Material provided —

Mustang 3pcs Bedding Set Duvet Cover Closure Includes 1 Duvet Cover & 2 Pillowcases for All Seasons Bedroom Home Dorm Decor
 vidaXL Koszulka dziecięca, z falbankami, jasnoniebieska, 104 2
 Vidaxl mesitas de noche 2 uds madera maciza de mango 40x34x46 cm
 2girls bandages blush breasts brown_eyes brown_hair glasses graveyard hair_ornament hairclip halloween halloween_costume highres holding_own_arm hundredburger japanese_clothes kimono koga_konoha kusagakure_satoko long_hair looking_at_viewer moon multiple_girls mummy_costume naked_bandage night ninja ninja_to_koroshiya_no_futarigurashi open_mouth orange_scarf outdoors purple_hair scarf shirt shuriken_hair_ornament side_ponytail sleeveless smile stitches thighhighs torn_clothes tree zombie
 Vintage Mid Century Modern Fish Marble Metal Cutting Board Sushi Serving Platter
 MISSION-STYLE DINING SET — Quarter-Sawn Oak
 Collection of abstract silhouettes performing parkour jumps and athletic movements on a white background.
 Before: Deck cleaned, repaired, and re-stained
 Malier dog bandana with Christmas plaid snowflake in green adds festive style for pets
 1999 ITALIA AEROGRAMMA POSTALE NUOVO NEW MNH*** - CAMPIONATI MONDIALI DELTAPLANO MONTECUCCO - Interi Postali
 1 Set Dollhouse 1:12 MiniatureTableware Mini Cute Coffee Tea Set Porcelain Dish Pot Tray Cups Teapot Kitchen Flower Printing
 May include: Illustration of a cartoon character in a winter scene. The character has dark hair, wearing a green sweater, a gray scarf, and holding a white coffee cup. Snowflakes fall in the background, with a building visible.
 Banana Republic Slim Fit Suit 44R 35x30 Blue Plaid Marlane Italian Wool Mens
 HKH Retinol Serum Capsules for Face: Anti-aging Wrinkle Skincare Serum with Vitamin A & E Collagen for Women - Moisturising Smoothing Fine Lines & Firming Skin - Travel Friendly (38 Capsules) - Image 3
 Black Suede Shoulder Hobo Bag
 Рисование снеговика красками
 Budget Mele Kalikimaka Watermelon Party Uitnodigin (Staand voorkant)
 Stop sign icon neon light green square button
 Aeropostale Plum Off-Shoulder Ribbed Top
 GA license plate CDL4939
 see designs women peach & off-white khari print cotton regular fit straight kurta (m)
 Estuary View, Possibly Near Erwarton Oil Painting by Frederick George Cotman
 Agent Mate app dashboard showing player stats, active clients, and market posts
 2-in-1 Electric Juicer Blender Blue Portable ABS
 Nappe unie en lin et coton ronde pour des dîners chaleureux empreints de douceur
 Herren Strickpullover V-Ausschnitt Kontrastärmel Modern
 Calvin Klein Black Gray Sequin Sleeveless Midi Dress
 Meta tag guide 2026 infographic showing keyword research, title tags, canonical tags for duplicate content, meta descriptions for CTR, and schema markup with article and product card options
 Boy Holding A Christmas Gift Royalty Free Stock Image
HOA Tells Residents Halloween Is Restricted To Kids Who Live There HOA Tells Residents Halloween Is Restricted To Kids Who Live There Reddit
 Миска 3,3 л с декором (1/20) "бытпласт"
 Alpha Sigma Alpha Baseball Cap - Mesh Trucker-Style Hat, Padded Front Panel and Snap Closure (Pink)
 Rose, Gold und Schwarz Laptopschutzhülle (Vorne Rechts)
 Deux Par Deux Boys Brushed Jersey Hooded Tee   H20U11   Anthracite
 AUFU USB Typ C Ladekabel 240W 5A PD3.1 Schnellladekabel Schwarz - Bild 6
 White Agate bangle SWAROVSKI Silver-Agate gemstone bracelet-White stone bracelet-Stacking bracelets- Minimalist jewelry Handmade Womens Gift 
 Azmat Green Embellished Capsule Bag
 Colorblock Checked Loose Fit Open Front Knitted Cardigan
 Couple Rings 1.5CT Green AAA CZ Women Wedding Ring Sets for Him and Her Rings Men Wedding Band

Problem description —
The answer must be the data above, repeated exactly as it stands.

Solution —
Mustang 3pcs Bedding Set Duvet Cover Closure Includes 1 Duvet Cover & 2 Pillowcases for All Seasons Bedroom Home Dorm Decor
 vidaXL Koszulka dziecięca, z falbankami, jasnoniebieska, 104 2
 Vidaxl mesitas de noche 2 uds madera maciza de mango 40x34x46 cm
 2girls bandages blush breasts brown_eyes brown_hair glasses graveyard hair_ornament hairclip halloween halloween_costume highres holding_own_arm hundredburger japanese_clothes kimono koga_konoha kusagakure_satoko long_hair looking_at_viewer moon multiple_girls mummy_costume naked_bandage night ninja ninja_to_koroshiya_no_futarigurashi open_mouth orange_scarf outdoors purple_hair scarf shirt shuriken_hair_ornament side_ponytail sleeveless smile stitches thighhighs torn_clothes tree zombie
 Vintage Mid Century Modern Fish Marble Metal Cutting Board Sushi Serving Platter
 MISSION-STYLE DINING SET — Quarter-Sawn Oak
 Collection of abstract silhouettes performing parkour jumps and athletic movements on a white background.
 Before: Deck cleaned, repaired, and re-stained
 Malier dog bandana with Christmas plaid snowflake in green adds festive style for pets
 1999 ITALIA AEROGRAMMA POSTALE NUOVO NEW MNH*** - CAMPIONATI MONDIALI DELTAPLANO MONTECUCCO - Interi Postali
 1 Set Dollhouse 1:12 MiniatureTableware Mini Cute Coffee Tea Set Porcelain Dish Pot Tray Cups Teapot Kitchen Flower Printing
 May include: Illustration of a cartoon character in a winter scene. The character has dark hair, wearing a green sweater, a gray scarf, and holding a white coffee cup. Snowflakes fall in the background, with a building visible.
 Banana Republic Slim Fit Suit 44R 35x30 Blue Plaid Marlane Italian Wool Mens
 HKH Retinol Serum Capsules for Face: Anti-aging Wrinkle Skincare Serum with Vitamin A & E Collagen for Women - Moisturising Smoothing Fine Lines & Firming Skin - Travel Friendly (38 Capsules) - Image 3
 Black Suede Shoulder Hobo Bag
 Рисование снеговика красками
 Budget Mele Kalikimaka Watermelon Party Uitnodigin (Staand voorkant)
 Stop sign icon neon light green square button
 Aeropostale Plum Off-Shoulder Ribbed Top
 GA license plate CDL4939
 see designs women peach & off-white khari print cotton regular fit straight kurta (m)
 Estuary View, Possibly Near Erwarton Oil Painting by Frederick George Cotman
 Agent Mate app dashboard showing player stats, active clients, and market posts
 2-in-1 Electric Juicer Blender Blue Portable ABS
 Nappe unie en lin et coton ronde pour des dîners chaleureux empreints de douceur
 Herren Strickpullover V-Ausschnitt Kontrastärmel Modern
 Calvin Klein Black Gray Sequin Sleeveless Midi Dress
 Meta tag guide 2026 infographic showing keyword research, title tags, canonical tags for duplicate content, meta descriptions for CTR, and schema markup with article and product card options
 Boy Holding A Christmas Gift Royalty Free Stock Image
HOA Tells Residents Halloween Is Restricted To Kids Who Live There HOA Tells Residents Halloween Is Restricted To Kids Who Live There Reddit
 Миска 3,3 л с декором (1/20) "бытпласт"
 Alpha Sigma Alpha Baseball Cap - Mesh Trucker-Style Hat, Padded Front Panel and Snap Closure (Pink)
 Rose, Gold und Schwarz Laptopschutzhülle (Vorne Rechts)
 Deux Par Deux Boys Brushed Jersey Hooded Tee   H20U11   Anthracite
 AUFU USB Typ C Ladekabel 240W 5A PD3.1 Schnellladekabel Schwarz - Bild 6
 White Agate bangle SWAROVSKI Silver-Agate gemstone bracelet-White stone bracelet-Stacking bracelets- Minimalist jewelry Handmade Womens Gift 
 Azmat Green Embellished Capsule Bag
 Colorblock Checked Loose Fit Open Front Knitted Cardigan
 Couple Rings 1.5CT Green AAA CZ Women Wedding Ring Sets for Him and Her Rings Men Wedding Band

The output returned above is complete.